Bande dessinée Poétesse des formes, Marion Fayolle croque des personnages, abrités provisoirement par sa Maison nue. Ses mots touchent. Ses images parlent.
«Quand j’entends les mots, je vois des dessins. » Les images de Marion Fayolle nous parlent. Sa ligne est claire, ses métaphores limpides, sa poésie émouvante. Au cœur de sa Maison nue , trois personnages en déconstruction sont abrités, un temps, sous une habitation vouée à la démolition. Un premier colocataire retourne chaque jour vers celle qui le quitte chaque nuit. Un autre refuse de regarder à l’extérieur et se mure, « malade que le monde soit malade ». La troisième habitante est une cavalière farouche, qui aime les mauvais chevaux, et s’ennuie vite. Elle-même ne se laisse pas découvrir. Chaque nouvel amant échoue à la mettre à nu, tant elle est recouverte de mille couches protectrices. Au cœur de ces trois solitudes, une amie voisine et empathique, mère à l’enfant, les visite régulièrement et les console. L’autrice aux pinceaux la décrit comme « un détecteur à chagrin, à la même fragilité que les autres mais qui s’oriente autrement ». Progressivement, leur coexistence les transforme et les ouvre au monde.

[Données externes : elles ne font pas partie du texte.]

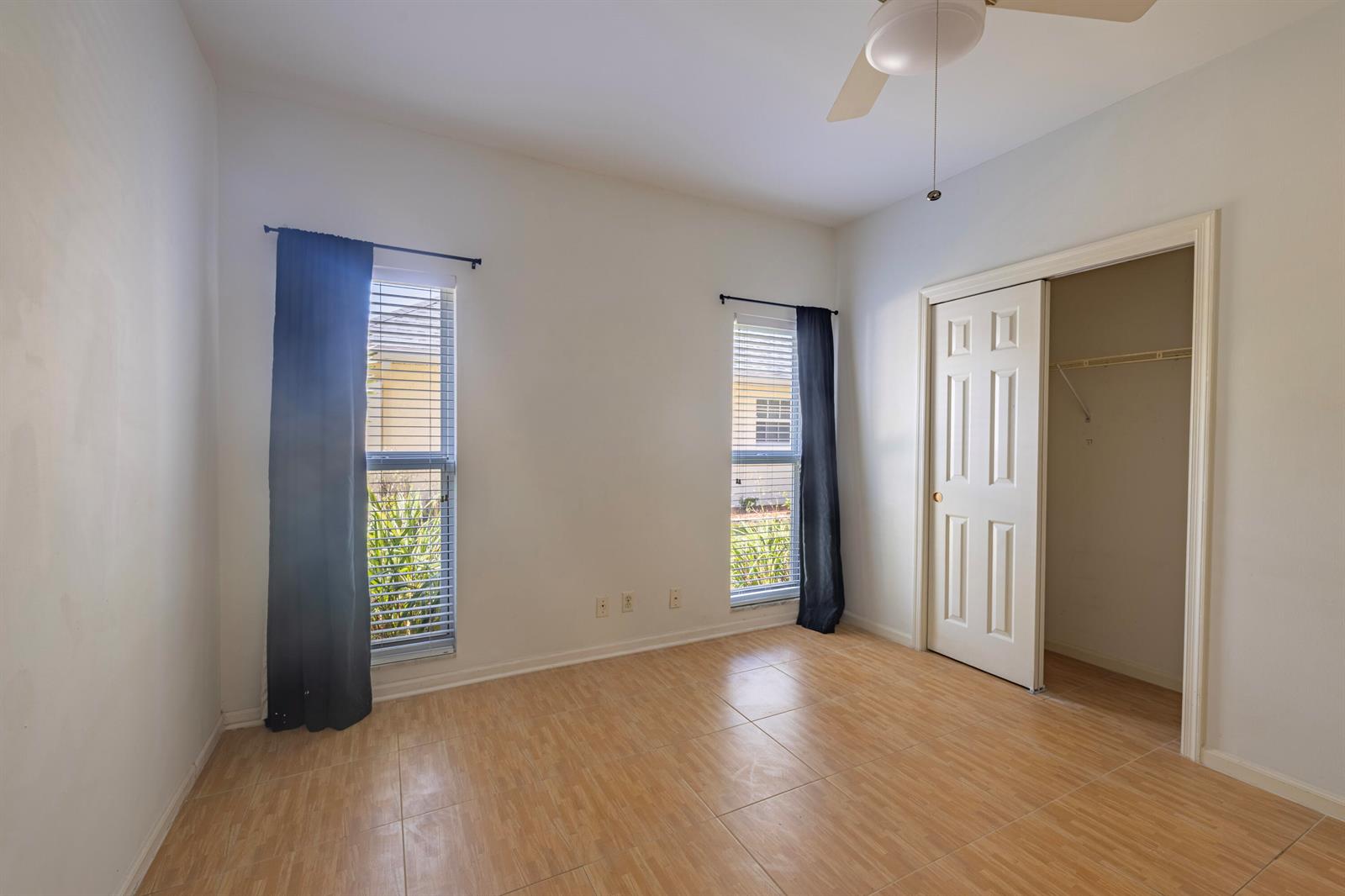 An empty bedroom features light-colored tile flooring, two windows with dark curtains, and a closet — 10195 Greentrail Drive, Boynton Beach FL 33436, BOYNTON BEACH, FL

« aller plus loin dans le langage en dessinant »
« L’injonction au bonheur est trop forte dans notre société. Comme si le but de la vie était d’aller bien. Mes personnages sont écorchés, percés. Et ils n’essaient pas de guérir. Ils sont singuliers, intéressants. Être vivant, ce n’est pas figé, ni crystalisé. » Dix ans après sa première œuvre, l’Homme en pièces, Marion Fayolle, également prix spécial du jury d’Angoulême en 2018 avec les Amours suspendues, nous ouvre ici une nouvelle porte pour accéder à son univers imagé. S’inspirant des mouvements de trois danseurs (deux professionnels du Théâtre Gérard-Philipe, à Saint-Denis, et son copain, novice), la dessinatrice s’est amusée à composer des saynètes récurrentes, avec ses trois personnages recouverts de briques. « J’ai utilisé les danseurs comme une bibliothèque de mouvements. Je voulais écrire par le geste. J’ai cherché à dévier mon histoire par leurs mouvements. » Chaque personnage était ensuite reconstitué à partir des trois corps distincts, piochant l’attitude de l’un, le déhanchement de l’autre. Comme différentes réponses à une même situation.

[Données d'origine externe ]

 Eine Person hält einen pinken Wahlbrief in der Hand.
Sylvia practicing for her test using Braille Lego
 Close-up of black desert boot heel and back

Si Marion Fayolle arrive à « aller plus loin dans le langage en dessinant », l’absence de son dans la bande dessinée commence à la titiller. Elle rechigne à distinguer par le dialogue ses personnages sur le papier. Tous ont la même voix : la sienne. Par ricochet, on les retrouve souvent de livre en livre, sans réelle individualité. Au printemps, l’autrice avait publié Postillons, comme ces mots qui sortent de notre bouche nous échappent. Un recueil de poèmes oscillant entre le haïku et la pique humoristique. D’autres voix n’y résonnaient pas encore. Pourtant, son univers graphique regorge de clins d’œil au théâtre, dans l’élaboration de son cadre, sa continuelle mise à distance. Ce samedi 19 novembre, à la Maison de la poésie à Paris (1), rien d’étonnant à ce que l’écrivaine-dessinatrice-lectrice tente une nouvelle approche, par les planches, en mêlant lecture, dessins et incarnation avec le comédien Louis Zampa.